Omelet With Parmesan and Tomatoes Recipe

Add grated parmesan to your beaten eggs when you make an omelet, and you get pure breakfast perfection.
Add grated parmesan to your beaten eggs when you make an omelet, and you get pure breakfast perfection.

Slightly sharp and salty, the eggs pair well with a simple salad of arugula and cherry tomatoes.

Ingredients: 

  • ¼ small red onion, sliced
  • 2 medium eggs
  • 1 pinch salt
  • 1 pinch ground black pepper
  • 3 tbsp heavy cream, 36% fat
  • 1 pinch dried basil
  • 1 tbsp olive oil 
  • 2 tbsp parmesan cheese, grated
  • 3 handfuls arugula leaves
  • 1 cup cherry tomatoes, halved
Prep time Cooking time Total time
5 minutes 5 minutes 10 minutes

Instructions:

  1. In a bowl, whisk the eggs with heavy cream, grated parmesan cheese, a pinch of salt, ground black pepper, and dried basil. 
  2. Heat the olive oil in a frying pan over medium heat.

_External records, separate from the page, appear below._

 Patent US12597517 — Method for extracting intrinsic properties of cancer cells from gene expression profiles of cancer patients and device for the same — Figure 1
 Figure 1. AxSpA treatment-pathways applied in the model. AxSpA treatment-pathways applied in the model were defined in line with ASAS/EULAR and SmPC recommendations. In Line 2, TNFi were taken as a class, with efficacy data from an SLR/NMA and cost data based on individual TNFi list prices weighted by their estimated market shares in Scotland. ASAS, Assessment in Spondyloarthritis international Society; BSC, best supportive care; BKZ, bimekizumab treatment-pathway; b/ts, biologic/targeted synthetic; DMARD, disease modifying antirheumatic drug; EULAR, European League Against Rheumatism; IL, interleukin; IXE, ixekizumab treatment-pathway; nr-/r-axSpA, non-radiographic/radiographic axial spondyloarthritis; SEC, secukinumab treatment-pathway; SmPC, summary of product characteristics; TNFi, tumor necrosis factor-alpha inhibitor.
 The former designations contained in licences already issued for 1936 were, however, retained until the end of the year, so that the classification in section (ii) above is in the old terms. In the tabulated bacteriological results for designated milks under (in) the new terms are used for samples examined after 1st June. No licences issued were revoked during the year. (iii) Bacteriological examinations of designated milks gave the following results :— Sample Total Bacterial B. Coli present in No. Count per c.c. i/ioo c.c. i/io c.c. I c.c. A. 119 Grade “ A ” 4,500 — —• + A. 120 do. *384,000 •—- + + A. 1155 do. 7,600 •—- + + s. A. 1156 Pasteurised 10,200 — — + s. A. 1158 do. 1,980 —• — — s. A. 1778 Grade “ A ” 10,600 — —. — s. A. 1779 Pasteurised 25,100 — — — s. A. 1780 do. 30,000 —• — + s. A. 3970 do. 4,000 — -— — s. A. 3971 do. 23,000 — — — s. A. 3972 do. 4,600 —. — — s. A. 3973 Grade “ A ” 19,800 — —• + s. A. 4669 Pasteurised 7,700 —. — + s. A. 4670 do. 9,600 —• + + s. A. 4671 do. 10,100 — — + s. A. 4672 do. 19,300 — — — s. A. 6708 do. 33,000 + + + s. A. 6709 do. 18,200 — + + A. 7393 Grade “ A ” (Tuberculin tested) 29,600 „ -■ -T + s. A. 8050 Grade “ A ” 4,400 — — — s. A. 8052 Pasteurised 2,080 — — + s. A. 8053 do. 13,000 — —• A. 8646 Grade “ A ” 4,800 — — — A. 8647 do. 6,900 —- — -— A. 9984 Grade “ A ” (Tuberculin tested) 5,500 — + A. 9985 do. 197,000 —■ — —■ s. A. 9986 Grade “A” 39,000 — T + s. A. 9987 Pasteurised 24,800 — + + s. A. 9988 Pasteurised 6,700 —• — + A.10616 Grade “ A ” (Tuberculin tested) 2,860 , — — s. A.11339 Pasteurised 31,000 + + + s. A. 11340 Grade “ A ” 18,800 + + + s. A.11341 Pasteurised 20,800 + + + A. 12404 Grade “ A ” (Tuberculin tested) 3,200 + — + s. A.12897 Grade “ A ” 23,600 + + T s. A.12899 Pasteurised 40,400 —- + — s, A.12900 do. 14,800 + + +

Pour the egg mixture and let it sit for a few minutes. Lower the heat and continue to cook until the egg mixture cooks through. 
  3. Add sliced red onion and cherry tomatoes to one side of the omelet (leave some tomatoes for serving). Fold the omelet in half and slide it onto a serving plate. 
  4. Serve the omelet with the remaining cherry tomatoes and arugula. Enjoy!